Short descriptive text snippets
|---|
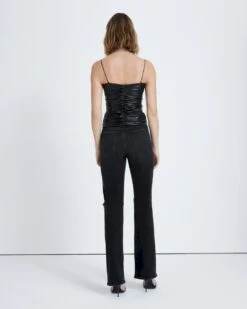 7 For All Mankind Faux Leather Ruched Cami In Black -7 For All Mankind Shop 499fd0e572d8589729d05bed8d8444ec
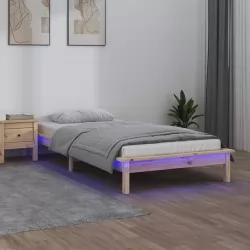 Рамка за легло с LED осветление 90x200 см масивно дърво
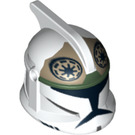 LEGO Weiß Clone Trooper Helm mit Löcher mit Clone Gunner Muster (61189 / 85039)
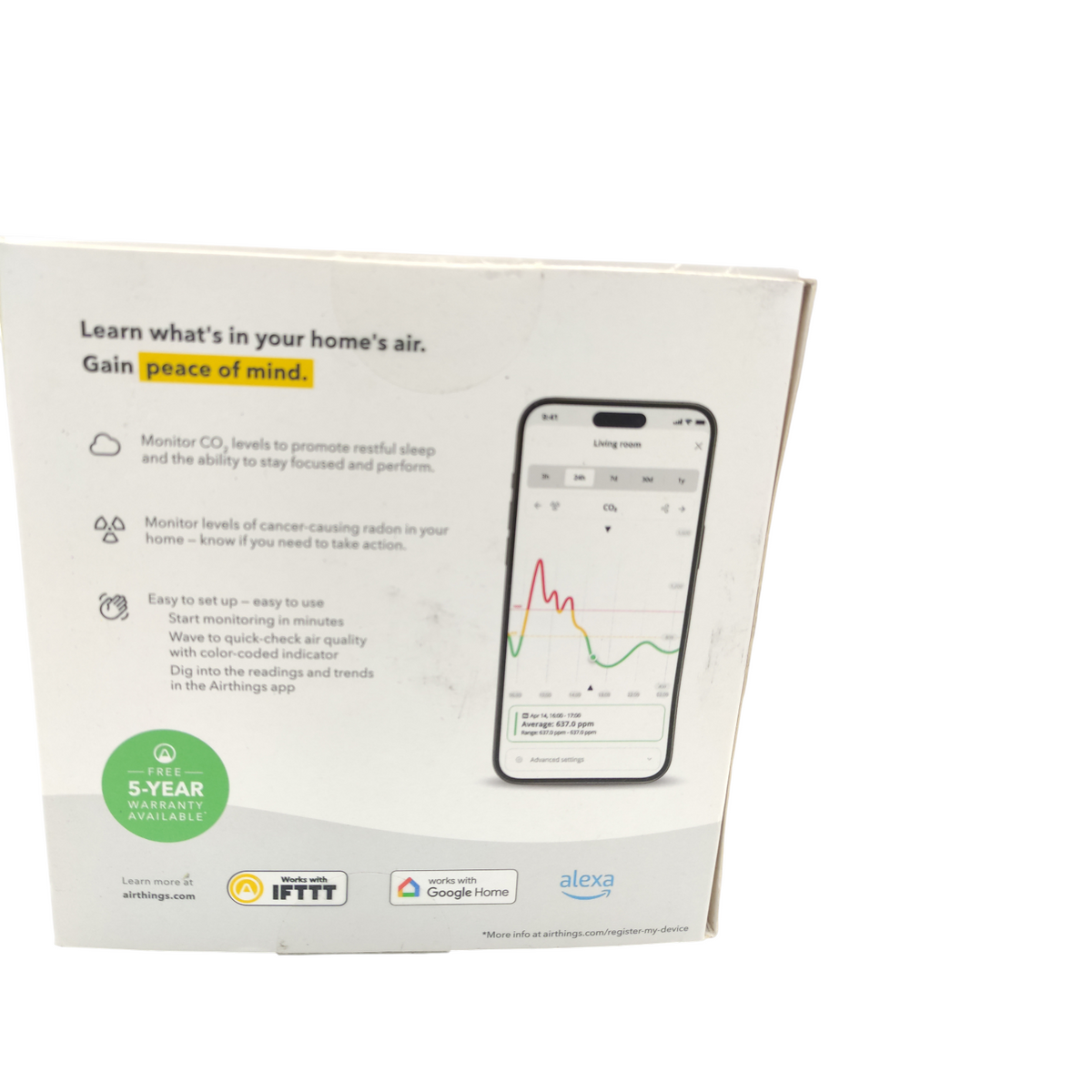 Airthings Wave Plus 2930 Luftqualitätsmessgerät Radon Sensor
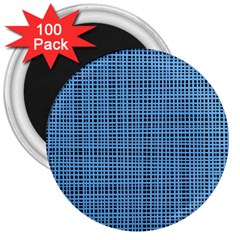 Blue Knitted Pattern 3  Magnets (100 Pack) by goljakoff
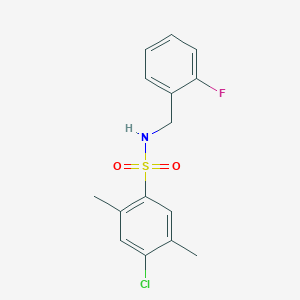 molecular formula C15H15ClFNO2S B4651079 4-chloro-N-(2-fluorobenzyl)-2,5-dimethylbenzenesulfonamide 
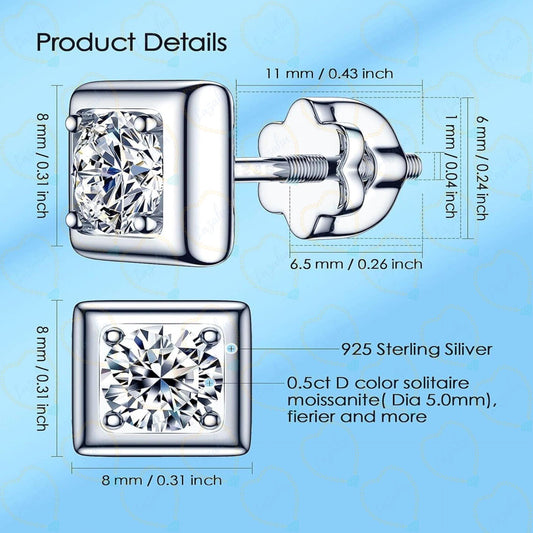 2.00 CTW Round Cut Stud Lab Grown Diamond Earrings for Women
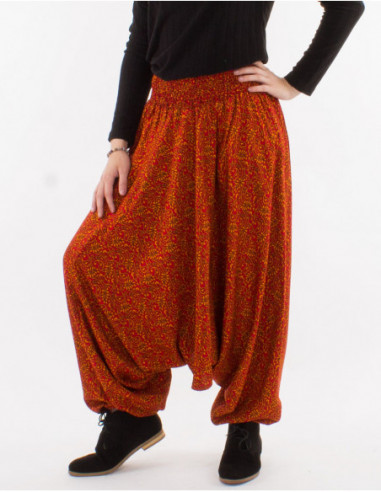 Women's all-season low-rise saroual with original arabesque motif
|---|
• ABOUT THIS EXERCISE:
From the line containing "LEGO Weiß Clone" to the last line of the records, inclusive, output the lines exactly as written and nothing else; leave out the pictures.

• EXERCISE ANSWER:
 LEGO Weiß Clone Trooper Helm mit Löcher mit Clone Gunner Muster (61189 / 85039)
 Airthings Wave Plus 2930 Luftqualitätsmessgerät Radon Sensor
 Blue Knitted Pattern 3  Magnets (100 Pack) by goljakoff
 molecular formula C15H15ClFNO2S B4651079 4-chloro-N-(2-fluorobenzyl)-2,5-dimethylbenzenesulfonamide 
 2.00 CTW Round Cut Stud Lab Grown Diamond Earrings for Women
 Women's all-season low-rise saroual with original arabesque motif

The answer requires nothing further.